Comment êtes-vous arrivée à intégrer le collectif Femmes à la Caméra ?
J’ai été appelée au téléphone par les Inrocks au printemps 2018, et ils m’ont demandé si j’avais subi du harcèlement dans ma vie professionnelle. Ce à quoi j’ai répondu que non. Mais
trois minutes après avoir raccroché je me suis rendu compte que oui. La question étant un peu directe, je n’ai pas réalisé, simplement parce que je n’en avais pas pris conscience avant, qu’il y avait eu des situations délicates.
Quelques mois plus tard, une collègue, qui m’avait déjà contactée au début de l’été pour monter la future Union des Chefs Opérateurs, m’a parlé d’une soirée organisée par la SRF où quatre professionnelles cheffes de poste étaient interviewées par deux journalistes. Cette soirée a réveillé d’autres prises de conscience.
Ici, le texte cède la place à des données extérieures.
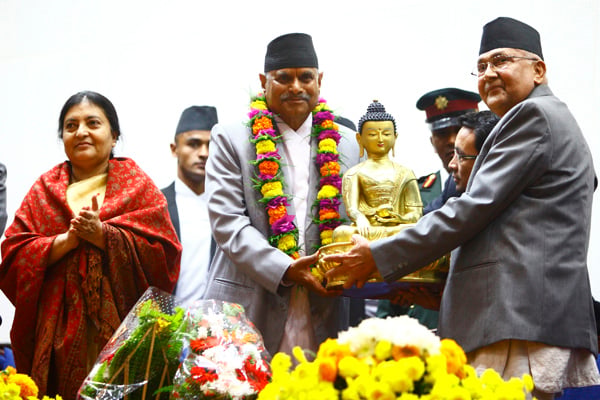 Prime Minister KP Oli bids farewell to ex-President Ram Baran Yadav in presence of President Bidya Bhandari in Shital Niwas on Thursday. Yadav shifted to a private house in Lalitpur on Thursday itself.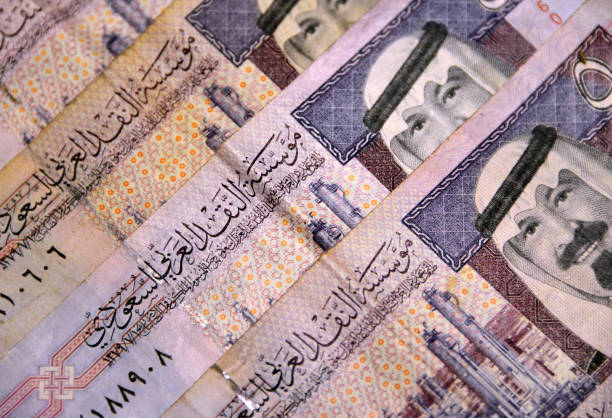 فيتش: شهدت بنوك السعودية حالة من التعافي من آثار كورونا.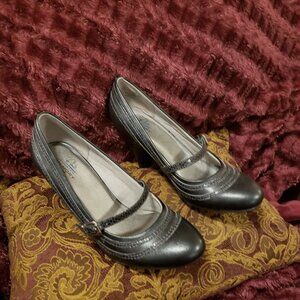 Life Stride Black Pumps 8.5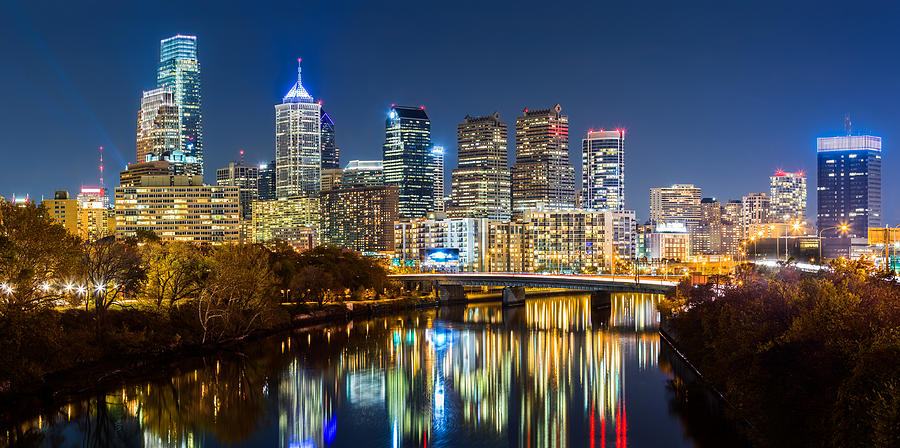 Understanding the Artistic Elements of Philadelphia’s Nighttime Cityscape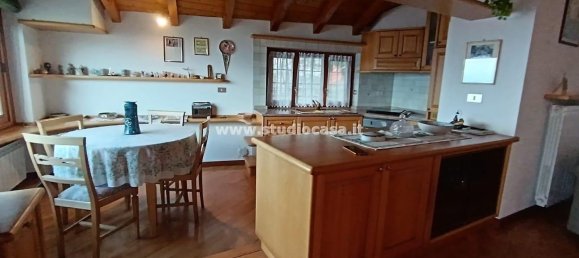 3 bedrooms Villa in Stresa, Italy No. 347689 4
Et le lendemain j’ai été invitée à une soirée de Femmes à la Caméra (qui n’était pas encore le collectif actuel).
Des femmes de l’AFC avaient reçu le même appel des Inrocks sur moi concernant le harcèlement sexuel. Elles s’étaient réunies depuis mars afin d’en discuter, de partager leurs questions.
Ces moments d’échanges entre femmes du métier m’ont fait un bien fou parce que j’ai pu identifier un mal-être, une difficulté d’être/d’exister professionnellement et ainsi la relier à quelque chose qui existe. Ce qui a été très fort pour moi, c’est aussi que j’ai réussi à me présenter d’une manière valorisante. Du fait de l’écoute particulière, mon parcours sinueux a été perçu comme une richesse et a suscité de l’intérêt de la part de plusieurs femmes présentes. C’était pour moi une première. C’est ce qui a fait que j’ai continué à aller chaque mois aux réunions des FALC. C’était très stimulant, ça apportait de la confiance, de la reconnaissance.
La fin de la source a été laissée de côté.